Dataset excerpts:
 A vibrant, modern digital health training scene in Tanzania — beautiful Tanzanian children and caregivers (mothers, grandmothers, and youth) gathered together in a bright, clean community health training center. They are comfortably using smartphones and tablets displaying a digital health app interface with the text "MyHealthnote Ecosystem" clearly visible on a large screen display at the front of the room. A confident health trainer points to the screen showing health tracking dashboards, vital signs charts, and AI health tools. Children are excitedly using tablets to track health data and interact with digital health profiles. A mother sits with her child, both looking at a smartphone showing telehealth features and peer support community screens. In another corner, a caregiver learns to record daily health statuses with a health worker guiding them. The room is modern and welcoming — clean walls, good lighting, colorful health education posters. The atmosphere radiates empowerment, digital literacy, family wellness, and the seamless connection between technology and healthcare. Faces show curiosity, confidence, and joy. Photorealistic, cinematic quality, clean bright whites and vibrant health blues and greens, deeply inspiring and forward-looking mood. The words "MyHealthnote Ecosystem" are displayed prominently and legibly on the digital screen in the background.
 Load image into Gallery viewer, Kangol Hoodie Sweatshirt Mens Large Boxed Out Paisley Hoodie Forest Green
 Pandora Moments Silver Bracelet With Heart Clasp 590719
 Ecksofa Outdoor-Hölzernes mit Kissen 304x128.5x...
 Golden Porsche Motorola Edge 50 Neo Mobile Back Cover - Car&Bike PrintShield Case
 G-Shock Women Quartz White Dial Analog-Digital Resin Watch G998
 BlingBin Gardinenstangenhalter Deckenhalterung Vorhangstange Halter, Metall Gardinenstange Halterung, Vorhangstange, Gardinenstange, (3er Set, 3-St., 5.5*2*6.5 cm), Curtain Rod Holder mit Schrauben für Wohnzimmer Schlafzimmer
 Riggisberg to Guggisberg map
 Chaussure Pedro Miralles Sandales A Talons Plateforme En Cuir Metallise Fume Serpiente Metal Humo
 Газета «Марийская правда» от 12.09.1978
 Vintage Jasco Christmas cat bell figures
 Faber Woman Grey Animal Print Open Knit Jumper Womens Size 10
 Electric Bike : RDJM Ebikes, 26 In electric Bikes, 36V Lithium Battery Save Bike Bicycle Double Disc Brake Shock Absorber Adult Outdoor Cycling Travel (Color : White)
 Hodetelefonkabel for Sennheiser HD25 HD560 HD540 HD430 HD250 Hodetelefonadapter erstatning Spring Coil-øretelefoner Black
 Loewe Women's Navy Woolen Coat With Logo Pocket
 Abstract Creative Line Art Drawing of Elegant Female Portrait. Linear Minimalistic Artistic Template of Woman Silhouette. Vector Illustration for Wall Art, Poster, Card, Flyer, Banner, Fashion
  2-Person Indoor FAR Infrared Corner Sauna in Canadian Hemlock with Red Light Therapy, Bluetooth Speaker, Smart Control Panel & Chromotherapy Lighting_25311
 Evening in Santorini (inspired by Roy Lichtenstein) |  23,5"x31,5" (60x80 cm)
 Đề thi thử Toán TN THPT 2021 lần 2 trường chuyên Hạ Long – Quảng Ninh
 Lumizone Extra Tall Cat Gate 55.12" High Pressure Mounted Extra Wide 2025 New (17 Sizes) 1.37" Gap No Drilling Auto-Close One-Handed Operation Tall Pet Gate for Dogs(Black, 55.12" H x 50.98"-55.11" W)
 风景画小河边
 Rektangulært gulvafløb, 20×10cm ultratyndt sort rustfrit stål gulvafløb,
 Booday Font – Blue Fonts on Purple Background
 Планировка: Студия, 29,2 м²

WORK TO BE COMPLETED: Output each line of the records above exactly, beginning at the first, and stop once the line containing "Golden Porsche Motorola" has been output.

RESULT:
 A vibrant, modern digital health training scene in Tanzania — beautiful Tanzanian children and caregivers (mothers, grandmothers, and youth) gathered together in a bright, clean community health training center. They are comfortably using smartphones and tablets displaying a digital health app interface with the text "MyHealthnote Ecosystem" clearly visible on a large screen display at the front of the room. A confident health trainer points to the screen showing health tracking dashboards, vital signs charts, and AI health tools. Children are excitedly using tablets to track health data and interact with digital health profiles. A mother sits with her child, both looking at a smartphone showing telehealth features and peer support community screens. In another corner, a caregiver learns to record daily health statuses with a health worker guiding them. The room is modern and welcoming — clean walls, good lighting, colorful health education posters. The atmosphere radiates empowerment, digital literacy, family wellness, and the seamless connection between technology and healthcare. Faces show curiosity, confidence, and joy. Photorealistic, cinematic quality, clean bright whites and vibrant health blues and greens, deeply inspiring and forward-looking mood. The words "MyHealthnote Ecosystem" are displayed prominently and legibly on the digital screen in the background.
 Load image into Gallery viewer, Kangol Hoodie Sweatshirt Mens Large Boxed Out Paisley Hoodie Forest Green
 Pandora Moments Silver Bracelet With Heart Clasp 590719
 Ecksofa Outdoor-Hölzernes mit Kissen 304x128.5x...
 Golden Porsche Motorola Edge 50 Neo Mobile Back Cover - Car&Bike PrintShield Case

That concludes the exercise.